Kaufman’s filing shows he has raised approximately $61,000 from about 350 contributors, a donor pool dominated by small, grassroots contributions rather than a handful of large checks. The overwhelming majority of donations fall in the $20-to-$50 range, a pattern that campaign observers say reflects broad-based resident support rather than institutional backing.
First Filing, Early Signal
Kaufman’s report is the first major disclosure of the current election cycle, arriving ahead of filings expected soon from other mayoral and City Commission candidates. Its timing gives it outsized significance, setting an early benchmark not only for fundraising totals, but for who is — and is not — underwriting local campaigns.
The filing also shows Kaufman loaned his campaign $10,000 early in the race, a move widely viewed as routine for competitive municipal candidates seeking to cover startup costs and compliance expenses before fundraising accelerates.
Grassroots by Volume, Not Slogan
In sheer numbers, Kaufman’s small-dollar contributions vastly outnumber larger donations, creating a donor base that is broad rather than concentrated.
The list of contributors reads like a cross-section of the island city: retirees, teachers, nurses, electricians, fishing guides, charter captains, musicians, artists, service workers and small-business owners — residents who appear motivated less by access to City Hall than by concern that unchecked growth and profit-driven decision-making are eroding the quality of life that defines Key West.
Campaign finance experts often note that this structure — many modest donations instead of a few dominant benefactors — is a hallmark of grassroots municipal campaigns, particularly in races centered on transparency, trust and neighborhood credibility.
Who Isn’t Giving Matters
Equally telling is who does not appear in Kaufman’s report.
The filing shows no contributions from major tourism and development interests long associated with influence at City Hall, including Historic Tours of America, Brightwild, or businesses tied to the Spottswood Companies and other Chamber of Commerce–aligned entities.
Absent as well are donations from individuals frequently identified by critics as part of the island’s political and development establishment — including donors associated with the Swift, Belland and Walsh names — whose contributions have appeared regularly in prior election cycles.
Those same names are widely expected to surface prominently in the campaign coffers of more establishment-aligned candidates, including Henriquez, City Commissioner Lissette Carey, and City Commission candidate Mark Rossi, as additional reports are filed ahead of the deadline.
A City in Political Flux
The contrast comes as Key West’s political landscape remains unsettled following the death of Commissioner Mary Lou Hoover, whose passing created a vacancy on the City Commission and reshaped expectations across multiple races.
It remains unclear whether former city manager Greg Veliz, who was appointed to fill the vacant seat, will keep his public pledge not to seek election to the chair — a decision that could further influence the balance between establishment-backed candidates and those running on reform platforms.
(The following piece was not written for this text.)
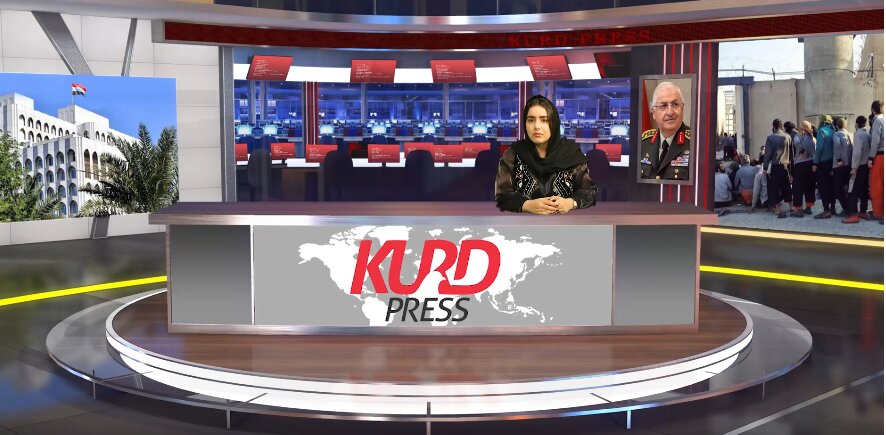 Kurtkirina Nûçeyan – 19 Rêbendan(Çile) 2026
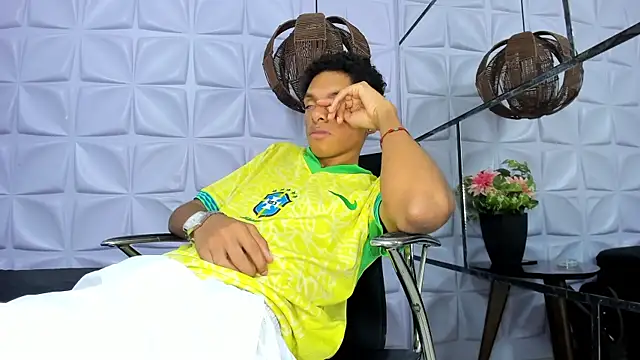 AndySinss Webcamshow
Quality of Life vs. Profit at Any Cost
For now, Kaufman’s early filing stands as the first hard data point of the election cycle, suggesting a growing bloc of voters is willing to put small but deliberate money behind a campaign framed around transparency, accountability and recalibrating City Hall priorities.
As additional campaign finance reports roll in, Kaufman’s disclosure will serve as an early point of comparison — not just in dollars raised, but in who is doing the giving, and what those contributions signal about a city wrestling with whether its future will be shaped primarily by residents or by profit at any cost.